Legroh v. Bennett

I find no evidence of wanton or wilful misconduct.* The case falls within the holding in Wyma v. Van Anrooy, 260 Mich. 295. *Page 527

Visibility of unlighted objects was limited to a short distance, but automobile lights were visible for, at least, 200 feet. The driver of the first truck described the approach of the car for that distance and detailed its movements, and the driver of the second truck, about 300 feet in the rear of the first truck, saw the contact between the car and first truck, and its movements from there on until it collided with his truck. The two trucks were on the extreme westerly side of the 40-foot pavement, and their positions left, at least, 30 feet of the pavement in the clear. The automobile plaintiff's driver attempted to pass was on the extreme easterly side of the pavement and this left, at least, 20 feet of the pavement in the clear between the first truck and the other automobile when abreast.
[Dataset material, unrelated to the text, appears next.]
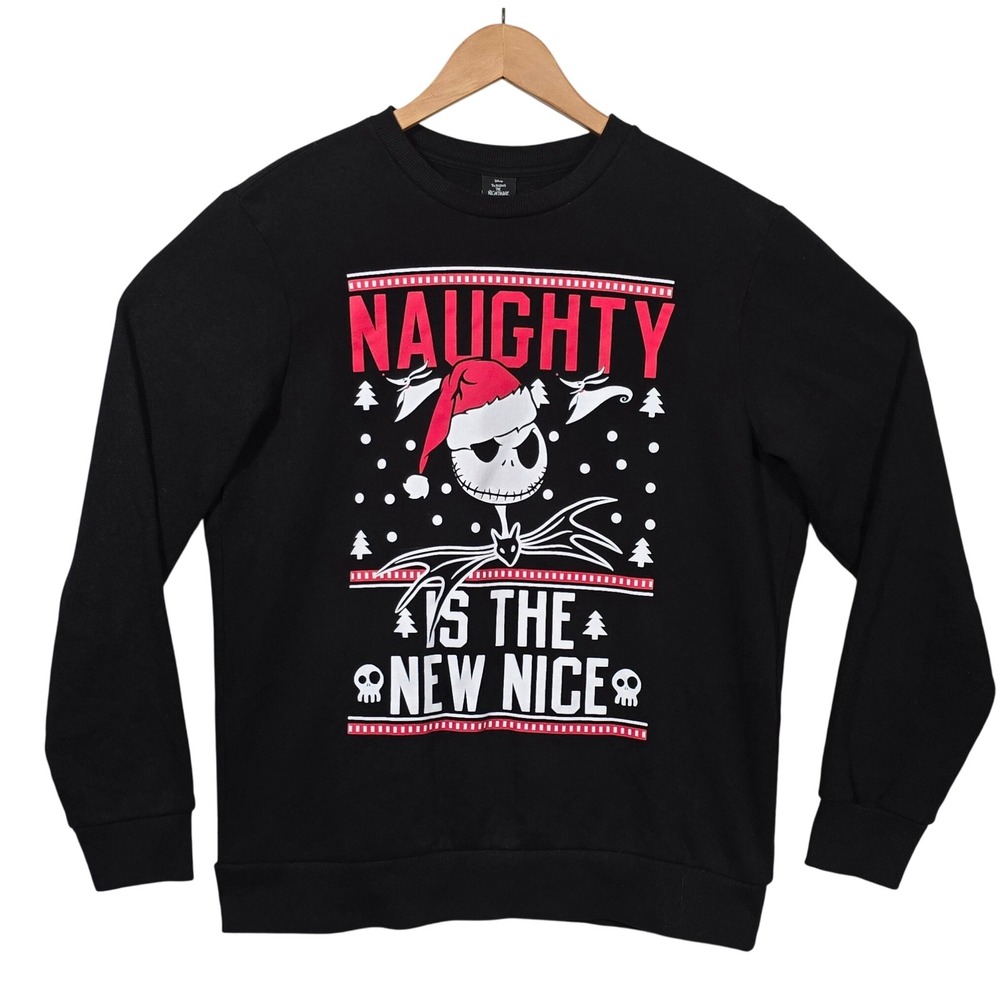 Disney The Nightmare Before Christmas Black Sweatshirt Mens M Jack Skellington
It is fair to assume that lights and locations of traffic, visible to the truck drivers, were visible to plaintiff's driver. It may, on account of the wet condition of the pavement, have been negligence or want of due care for plaintiff's driver to start the attempt to pass the other automobile at a point where progress would bring his car between that automobile and the truck but, even so, it cannot be classed as wilful and wanton misconduct, for there was, at least, 20 feet in the clear for passage.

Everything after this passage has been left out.